Wednesday, August 29, 2018

Buddha Jesus


I know a lot of people who don't have a religious life. They don't see a need for one. Why waste all that time in church?

I'm fine with that. I'm mostly fine with whatever people choose to believe or not believe about church and God and Jesus and Tao and barbecue sauce. And I can understand why someone would opt out of the whole religion thing. One of my closest friends opted out decades ago, and another never opted in in the first place. Same with my wife.

And yet, I still go. I get up on Sunday mornings and go to church. I'm usually there on Wednesday nights, too. In fact, I spend a lot of time at my little Presbyterian church. I love the people there. I love the conversations we have. I love the Sunday morning services. I love that it's a little church with a big, fat social justice heart. I love that it tries to do right by people.
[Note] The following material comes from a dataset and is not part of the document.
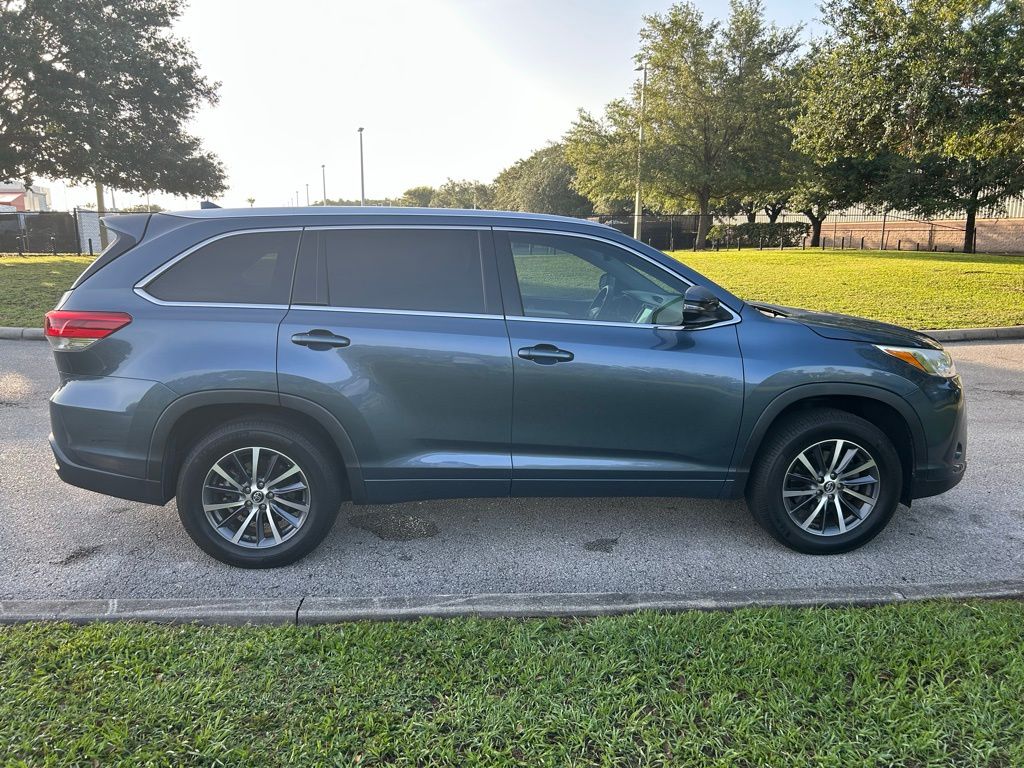 2017 Toyota Highlander SE 6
At the same time, there's a big part of me that thinks I don't really belong there. I feel like an interloper because I see a different Jesus and Bible and God than most Christians see. The good news for me is that even though I'm more open about what I do believe these days, they still seem willing to let me stick around.

That's community.

As I've written elsewhere, I've come to see Jesus the way a Buddhist sees the Buddha. I don't need Jesus to be a uniquely Divine Being in a human body come to save my sorry ass and return me to God. I see Jesus as a finger pointing at the moon.
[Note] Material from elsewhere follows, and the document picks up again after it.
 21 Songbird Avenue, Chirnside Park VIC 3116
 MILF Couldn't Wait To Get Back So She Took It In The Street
I guess you could say I'm a Jesusist more than I am a Christian. But then, why should my religious perspectives really matter to anyone beyond my own skin anyway? We can have community without that.

If we want it.



Sunday, August 26, 2018

Spirituality Quote of the Week


Where there is no disinterested love (or, more briefly, no charity), there is only biased self-love, and consequently only a partial and distorted knowledge both of the self and of the world of things, lives, minds, and spirit outside the self.

-- Aldous Huxley


Tuesday, August 21, 2018

Fearmonger


Racism is about fear,
not about superiority.

If I'm racist against you,
it's because I'm afraid,
not because I think I'm better.

But that doesn't stop me
from convincing myself otherwise.


Sunday, August 19, 2018

Spirituality Quote of the Week


The ignorant work for their own profit; the wise work for the welfare of the world, without thought for themselves.

-- The Bhagavad Gita


Thursday, August 16, 2018

Carrier of Blessings


Gratitude seems like such an odd little animal to me sometimes.
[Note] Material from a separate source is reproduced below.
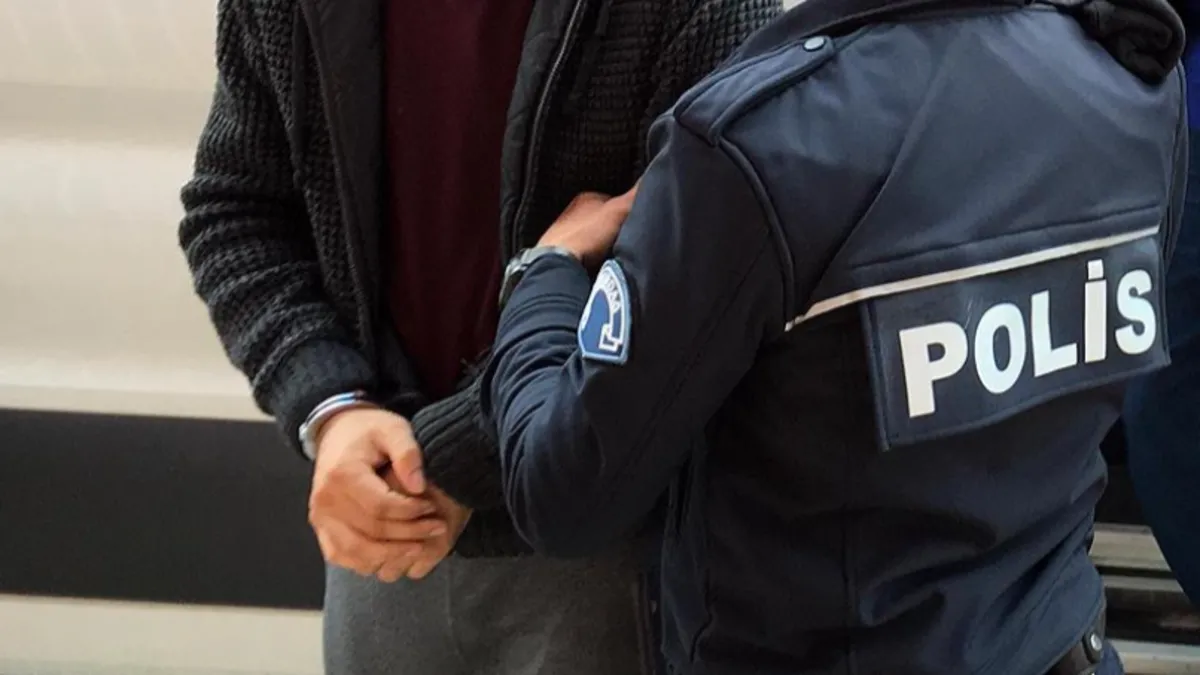 Antalya’da “Altunlar” suç örgütüne operasyon: 33 şüpheli tutuklandı Antalya’da “Altunlar” suç örgütüne operasyon: 33 şüpheli tutuklandı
A hurricane swamps a woman's business in so much saltwater that it'll never dry out, and she's thankful nobody got hurt. A tornado grinds a man's house down to the concrete slab, and he's thankful nobody died. A sink hole opens its big fat mouth and swallows a woman's parents, their house, and both cars, and she's thankful it didn't happen the day before on Christmas when the whole family was there.

This is what gratitude does. It changes the way we see the shit in our lives. It focuses our eyes not on what went wrong but on what went right -- what could've gone wrong but didn't. It also reminds us that even the shit in our lives is temporary.

As for me, gratitude has also shown me there's value in pain. In fact, there are certain things -- valuable things -- that can only come to me through pain, but I have to watch for them or I'll miss them. When I see them, I say thank you.

Pain. A carrier of blessings.
Gratitude. A gift we give ourselves.


Sunday, August 12, 2018

Spirituality Quote of the Week


The representatives of God are seldom divine and the minions of Satan are never quite diabolical.

-- Reinhold Niebuhr


Sunday, August 5, 2018

Spirituality Quote of the Week


The best thing I can give to others is to liberate myself from the common delusions and be, for myself and for them, free. Then grace can work in and through me for everyone.